During an earlier visit to Govind’s mill, Anne and I experimented with making pulp and paper with indigo rag cuttings from local sources. Our initial tests were inconclusive, but promising. Govind remains completely focused on production papermaking for his diary business and though he is open to exploring other creative possibilities, there is presently no incentive to change and local artists have not engaged him yet. In the past, Anne did several projects at a former paper mill in Udaipur and presently continues to encourage Govind to collaborate on various art workshops.
Anne, Victòria, and I then traveled to New Delhi to attend the India Art Fair. At Threshold Gallery, we saw fiber artist Priya Ravish Mehra’s beautiful art that reflected her extensive training in textiles and her deep interest in handmade paper pulp. A few weeks before visiting New Delhi, Anne and I were lucky enough to catch Priya’s installation at the Kochi-Muziris Biennale in Kerala, India. Anne noted that Priya studied with textile artist, Yoshiko Iwamoto Wada, the same teacher who taught Anne in the early 1980s at Haystack Mountain School of Arts and Crafts in Maine.
Handmade paper is having a vibrant moment in India. At the India Art Fair, gallery dealer ZOCA presented paper carvings by artist Patitapaban (Kulu) Ojha and paper cuttings by Khanjan Maru.

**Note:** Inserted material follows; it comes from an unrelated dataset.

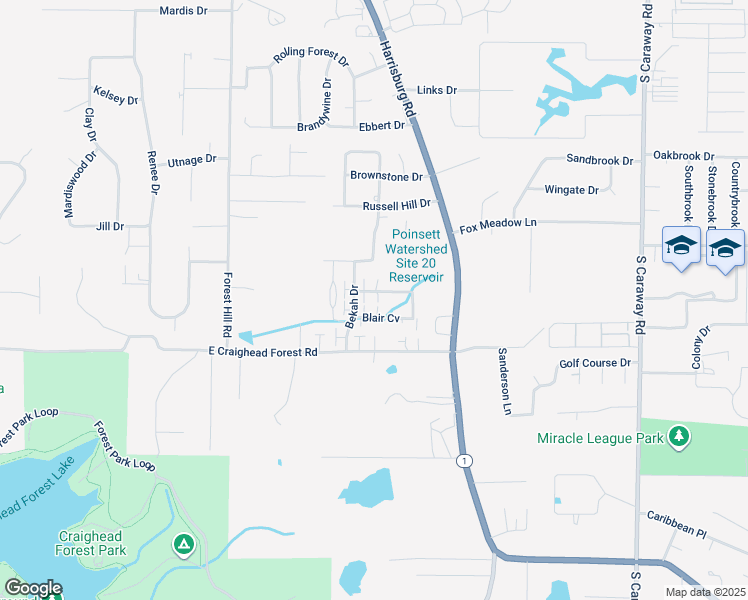 map of restaurants, bars, coffee shops, grocery stores, and more near 4209 Sydney Cove in Jonesboro
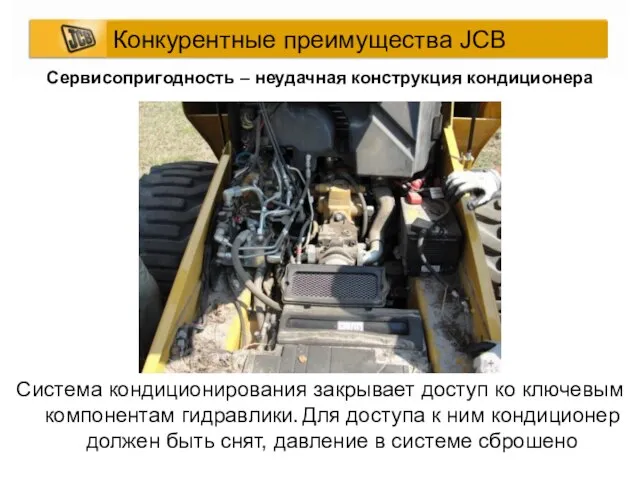 Система кондиционирования закрывает доступ ко ключевым компонентам гидравлики. Для доступа к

We also saw cast-cotton art by Ravi Kumar Kashi, who had been a student of Australian artist and IAPMA member Jacki Parry when she taught at the Glasgow School of Art. Anne noted that Jacki also taught Anupam Chakraborty who established the Nirupama Academy of Handmade Paper in Kolkata.
Given the long tradition of Islamic and Western hand papermaking in India—including present-day sheet forming at Kalam Khush and at Sarabai Foundation, both in Ahmedabad, as well as in Pondicherry—there is much to discover in contemporary India. The practice of the traditional craft and the creation of new art by artists working with paper and paper pulp in India are flourishing.

notes
1. For context, it is interesting to note that Americans established the Friends of Dard Hunter in 1981; and even earlier, in 1974, Joe Wilfer organized the first American hand papermaking conference. Twentieth-century American hand-papermaking pioneers were focused on both reviving the traditional handcraft of fine sheet production (which had died out in the United States by the 1860s) as well as developing papermaking as an art medium. In Europe, where there were still commercial hand paper mills operating, such as Richard de Bas in France, there was a greater division between traditional hand papermakers and artists who used the hand-papermaking process to make their art.